Aujourd’hui élu à la présidence des Etats-Unis, Donald Trump va-t-il déchirer cet accord ou le renégocier comme il l’a annoncé ? Toutes ses déclarations ont déjà largement contribué à refroidir ses relations avec l’Iran. Mais en ce qui concerne l’accord, le président américain oublie sans doute qu’il est multilatéral, signé par les Européens, la Russie et la Chine et entériné par une résolution du Conseil de sécurité de l’ONU. Dans ces conditions, il paraît peu probable que l’accord soit remis en cause et que le président américain coure le risque d’une crise majeure. Le président iranien a déjà fait savoir qu’il s’opposait à toute renégociation. En revanche, l’administration américaine veillera à l’application stricte de l’accord. Il serait étonnant que le Congrès américain, dominé par les Républicains plutôt hostiles à l’Iran, ne vote pas d’autres sanctions pendant le mandat de Trump.

L’opposition Obama/Trump sur ce point trouve plutôt son explication dans leur vision opposée de la géopolitique dans cette région, le premier ayant voulu rétablir un équilibre entre l’Arabie Saoudite et l’Iran, le second voulant s’opposer à l’interventionnisme de l’Iran.
En revanche, cette situation de crise, si elle venait à s’amplifier, pourrait fragiliser le président Rohani pour les prochaines élections présidentielles iraniennes en mai 2017. Le décret anti-immigation de Trump qui vise l’Iran parmi les sept pays concernés, a permis à Khamenei, le guide suprême, de rassembler les Iraniens contre leur ennemi commun américain. Les opposants iraniens à l’accord sont déjà en train de mettre en exergue le peu de changements positifs pour la population iranienne depuis la levée des sanctions.

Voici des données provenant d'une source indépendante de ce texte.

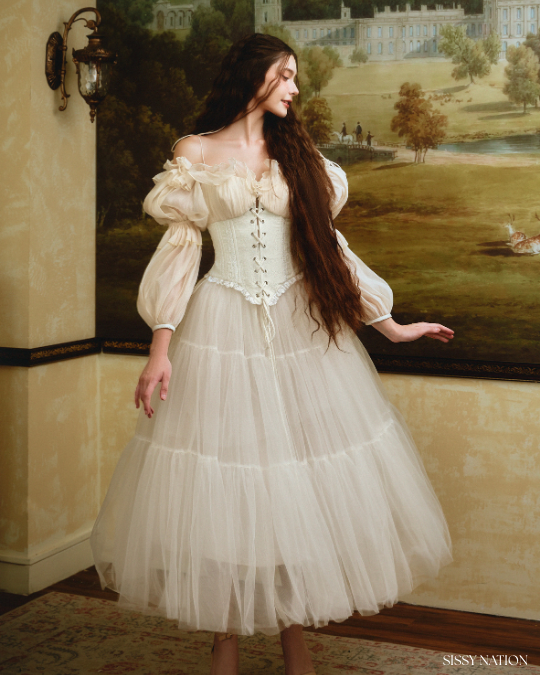 Sissy Love Story Corset top or skirt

Le prochain scrutin présidentiel : un choix crucial pour la suite des réformes

Qui aurait pu imaginer en juillet 2015 que l’Iran allait signer un accord multilatéral sur le nucléaire et redevenir un Etat « fréquentable » ? Certes l’Iran n’avait pas vraiment le choix. Les conséquences de l’embargo pesaient de plus en plus sur la population et il fallait trouver une issue autre que l’explosion sociale.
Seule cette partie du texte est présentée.